Question

A bob is suspended from a crane by a cable of length $5m$. The crane and load are moving at a constant speed ${v_o}$. The crane is stopped by a bumper and the bob on the cable swings out at an angle of $60^\circ $. Find the initial speed ${v_o}$. $\left( {g = 9.8m/{s^2}} \right)$

(A) $2m{s^{ - 1}}$
(B) $3m{s^{ - 1}}$
(C) $5m{s^{ - 1}}$
(D) $7m{s^{ - 1}}$

Answer 1

Hint
When the crane is moving, the bob is moving with the same velocity. When the crane comes to rest, the bob swings like a pendulum. So the kinetic energy of the bob gets converted to the potential energy for which it rises. From this equation, we can find the initial velocity.
In this solution, we will be using the following formulas,
$\Rightarrow K.E. = \dfrac{1}{2}m{v^2}$
where $K.E.$ is the kinetic energy, $m$ is the mass and $v$ is the velocity.
and $P.E. = mgh$
where $P.E.$ is the potential energy, $g$ is the acceleration due to gravity and $h$ is the height.

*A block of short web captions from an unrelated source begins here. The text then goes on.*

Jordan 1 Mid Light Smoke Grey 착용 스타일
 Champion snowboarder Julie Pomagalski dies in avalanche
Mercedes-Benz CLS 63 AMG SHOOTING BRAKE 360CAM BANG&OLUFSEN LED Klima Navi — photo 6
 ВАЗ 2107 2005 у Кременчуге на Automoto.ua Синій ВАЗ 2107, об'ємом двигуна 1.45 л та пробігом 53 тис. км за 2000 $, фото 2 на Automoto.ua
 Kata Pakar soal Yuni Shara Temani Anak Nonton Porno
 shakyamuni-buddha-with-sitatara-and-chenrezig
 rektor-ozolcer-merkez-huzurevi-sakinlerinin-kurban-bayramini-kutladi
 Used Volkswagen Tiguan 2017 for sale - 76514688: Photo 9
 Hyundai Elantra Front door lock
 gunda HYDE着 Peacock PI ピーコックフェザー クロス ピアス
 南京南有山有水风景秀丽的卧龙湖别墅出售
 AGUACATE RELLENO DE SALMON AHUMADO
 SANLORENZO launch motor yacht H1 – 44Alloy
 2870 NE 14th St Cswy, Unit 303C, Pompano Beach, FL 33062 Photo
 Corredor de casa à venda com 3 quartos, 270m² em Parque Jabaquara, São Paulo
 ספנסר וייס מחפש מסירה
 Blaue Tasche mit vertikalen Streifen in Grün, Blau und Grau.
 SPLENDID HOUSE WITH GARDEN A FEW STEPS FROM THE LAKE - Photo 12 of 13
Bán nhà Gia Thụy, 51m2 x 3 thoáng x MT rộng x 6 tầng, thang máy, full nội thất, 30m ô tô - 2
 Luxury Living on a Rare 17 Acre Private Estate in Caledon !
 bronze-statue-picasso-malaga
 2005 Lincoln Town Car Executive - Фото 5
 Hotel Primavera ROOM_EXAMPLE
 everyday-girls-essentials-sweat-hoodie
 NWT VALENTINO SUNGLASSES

Complete step by step answer
When the crane is moving with the initial velocity of ${v_o}$, the bob which is suspended from the crane is also moving with the same velocity of ${v_o}$. Now, when the crane suddenly comes to rest, the bob starts swinging like a pendulum. So the initial velocity of the bob before it starts swinging is ${v_o}$ .The final velocity of the bob becomes zero when the bob reaches the swing of $60^\circ $ according to the question.
So we can draw the bob after the crane comes to rest as,

Therefore, from the law of conservation of energy, the kinetic energy of the bob at the initial position gets converted to potential energy when it reaches a height $h$.
Hence we can write,
$\Rightarrow K.E. = P.E.$
Now the kinetic energy of the bob is given by $K.E. = \dfrac{1}{2}m{v_o}^2$ where $m$ is the mass of the bob.
And the potential energy at the height $h$ is $P.E. = mgh$.
Now the height $h$ can be written from the figure as, $h = 5 - 5\cos 60^\circ $
So on substituting all the values we get,
$\Rightarrow \dfrac{1}{2}m{v_o}^2 = mg\left( {5 - 5\cos 60^\circ } \right)$
The $m$ gets cancelled on both the sides and multiplying both the sides with 2 we get,
$\Rightarrow {v_o}^2 = 2g5\left( {1 - \cos 60^\circ } \right)$
The value of $\cos 60^\circ $ is equal to $\dfrac{1}{2}$. So substituting these values we get
$\Rightarrow {v_o}^2 = 2g5\left( {1 - \dfrac{1}{2}} \right)$
On substituting the value of $g = 9.8m/{s^2}$ as from the question and calculating we get,
$\Rightarrow {v_o}^2 = 10 \times 9.8 \times \dfrac{1}{2}$
On taking square root on both the sides we have,
$\Rightarrow {v_o} = \sqrt {49} $
Therefore, we get the initial velocity as,
$\Rightarrow {v_o} = 7m/s$
Hence the correct answer is option (D).

Note
Here we have taken the kinetic energy of the pendulum equal to its potential energy from the law of conservation of energy. It states that the total energy of any isolated system always remains constant and can only change from one form to another.